= Information supplied =
★ ★ ★

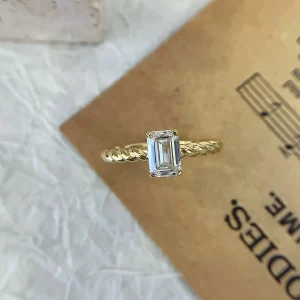 18K Gold Lab-Grown Diamond Ring — 1 ct — view 1
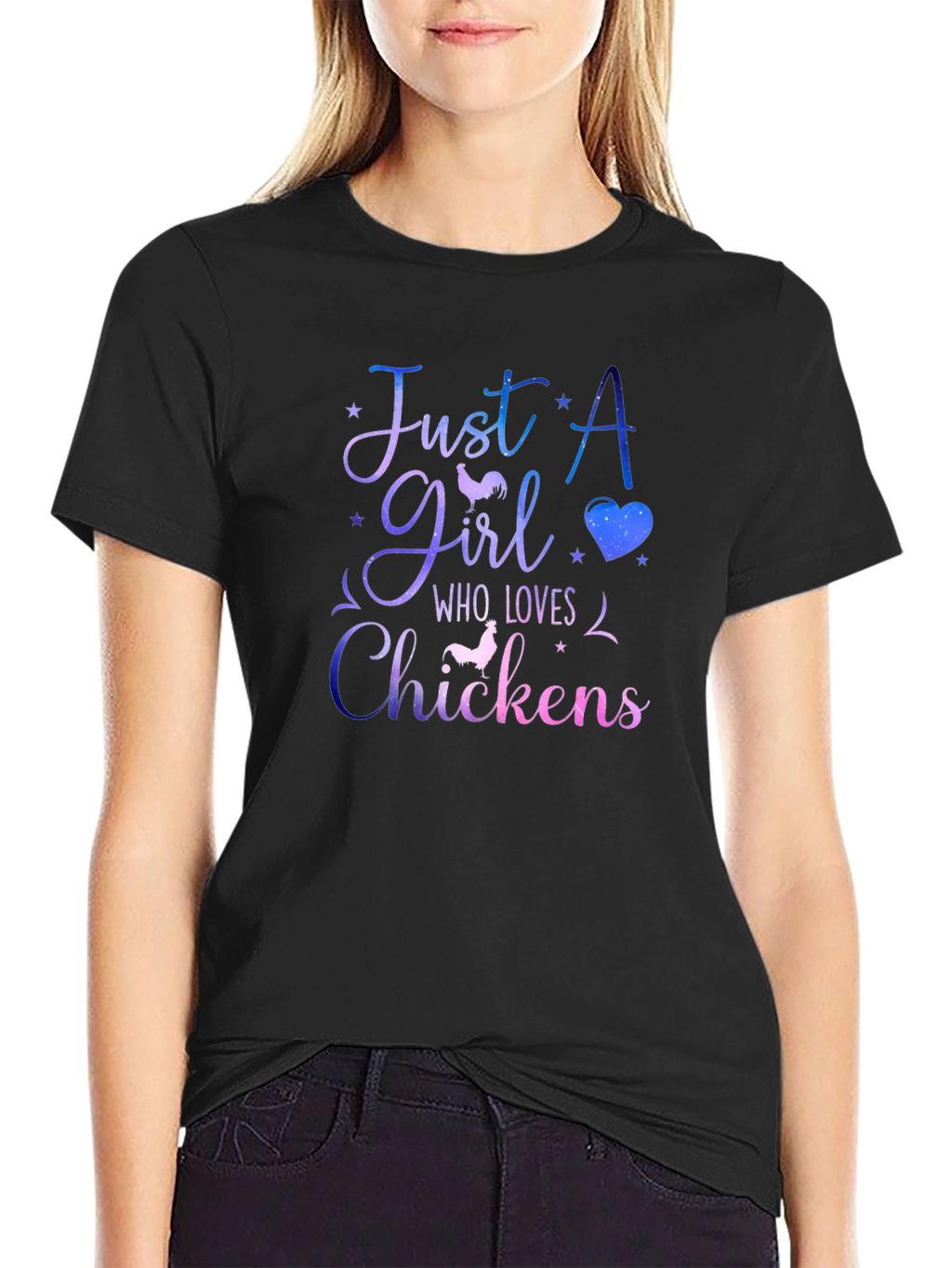 Just a Girl Who Loves Chickens T-Shirt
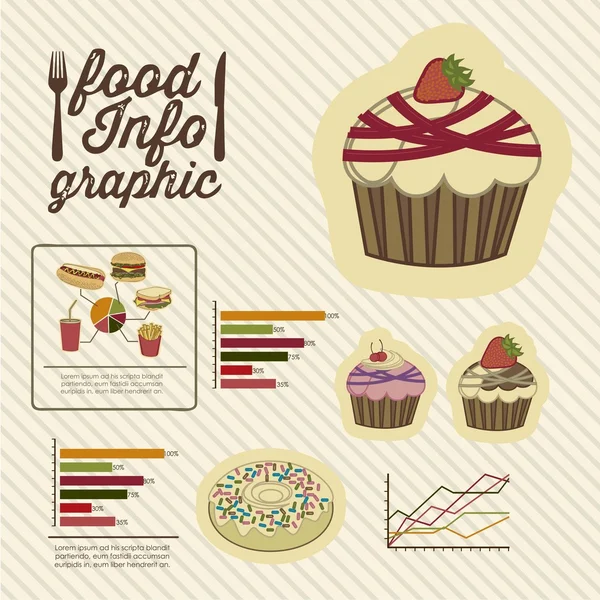 Infográficos de alimentos —  Vetores de Stock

★ ★ ★

= What you have to do =
Where a line contains "Just a Girl Who Loves Chickens T-Shirt", begin there and set down exactly each line through the end of the data above, omitting any pictures.

= Solution to this task =
 Just a Girl Who Loves Chickens T-Shirt
 Infográficos de alimentos —  Vetores de Stock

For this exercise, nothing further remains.